In reality, all high-end audio dealers everywhere are competing for the business of all audiophiles everywhere. People with enough disposable income to buy expensive hi-fi tend to be well-educated, well-positioned, well-traveled, and sophisticated enough to understand that United Parcel Service goes everywhere, and that the savings on sales tax for goods purchased out of state can more than offset shipping costs. This market no longer recognizes the sovereignty or value of the local retailer any more than multinational conglomerates respect political borders. For specialized interests like high-end audio, the global village is a reality, a reality that has changed forever the notion of "community."

But still, we forget that we no longer live in the quaint, self-sufficient small towns of Norman Rockwell's era. Sales reps, who have the thankless task of signing up dealers like you, will promise you "an exclusive" on Alpha Omega Electronics within your city or region, glossing over the fact that although you are the only dealer in Metropolis, your customers will be price-shopping the guy in Sarasota. And the guy in Sarasota, who has agreed to support the same prices you have (ie, little or no discounts on local sales), appears to have no compunction about offering 25% off to a mail-order buyer.
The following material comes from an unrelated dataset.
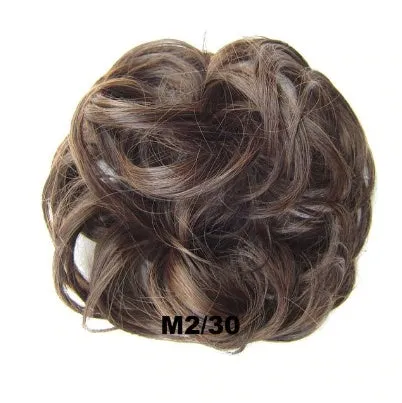 Hair ring adjustable wig band in burgundy colour on white background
Net effect: For the resourceful, deep discounts are available on almost everything, which in itself would not be problematic for dealers were it not for the fact that the margin on consumer electronics is low to begin with.
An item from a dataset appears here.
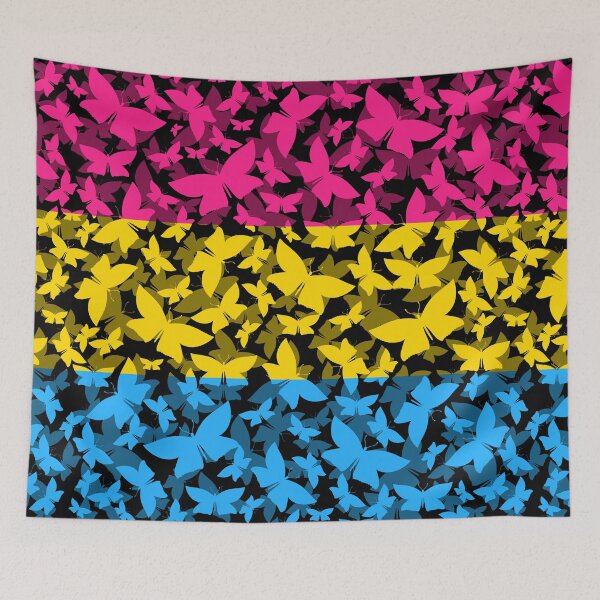 Item preview, Veil of Butterflies, Pride Series - Pansexual designed and sold by StephOBrien.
The owner of a jewelry shop or clothing store would think you insane for getting into a business where the standard markup is only 40%. That's where the discounting starts. A really profitable loudspeaker might sell for twice its wholesale cost—what hi-fi shops call a "50-point line." Let's put a hypothetical pair of Whammer Jammer loudspeakers on sale: whack 35 points off their $1000/pair list price. Now they're selling for $650, $150 of which is good clean profit, yours to keep when they sell, right?

Think again. You'll have to pay your salesperson a commission—say, 20% of the profit, or $30. Now we're talking $120. If you have to send your installer out to set them up, subtract another 20 bucks. Finally, take away 25% of your remaining hundred dollars for advertising, freight, warehousing, inventory taxes, and administrative costs involved in making the sale. We still haven't subtracted income taxes from the "clear profit" of 75 big ones, the harvest of many hours of diplomacy with the purchaser while he tried everything in your shop.
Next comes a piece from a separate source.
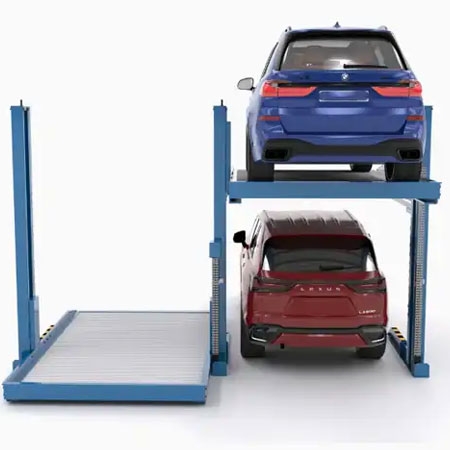 Heavy-Duty Two Post Hydraulic Car Parking Lift System, Max Lift Height  2100 mm, Lifting Capacity  2-3 ton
Low margins, widespread discounting, desperate competition, crushing overhead, and a clientele for whom price is the only consideration make for a huge attrition rate among audio shops. Compare the dealers' ads in the back of this magazine to one from five years ago. Few of the names are the same. Five years from now, many of the current crop will be gone. These are not happy days for the hi-fi business, or for independent retailers in general. In my experience, a store that lasts five years in prevailing conditions deserves to be called a success, even if its last act is to beg for mercy in bankruptcy court.

So...
Quite a daunting prospect, isn't it? Daunting but not impossible. If you educate yourself, hire the right workers, pick the perfect location, sign a cheap lease, take on all the hot lines, compose glittering ads, pay everything up front, sell like a demon, and work like a dog 80 hours a week, in a couple of years you might have yourself a nice little ongoing concern. You might even take home a livable wage, possibly as much as $25,000 a year—about what you could earn flipping burgers in Omaha.

Hang in there long enough and you'll wean yourself from your hobby and quite possibly the love of music, too. Familiarity will breed contempt: a sad, unavoidable fact of life. But in the process you'll have moved out of your basement, sailed your little ship through churning, shark-infested waters, and learned more than would ever have been possible in the corporate cocoon. Whether you succeed or fail, at least you'll be able to say, "I tried"—a phrase that the drones back in the office, for all their lip service to "entrepreneurship" and "risk taking" and "the pursuit of excellence," will never be able to utter.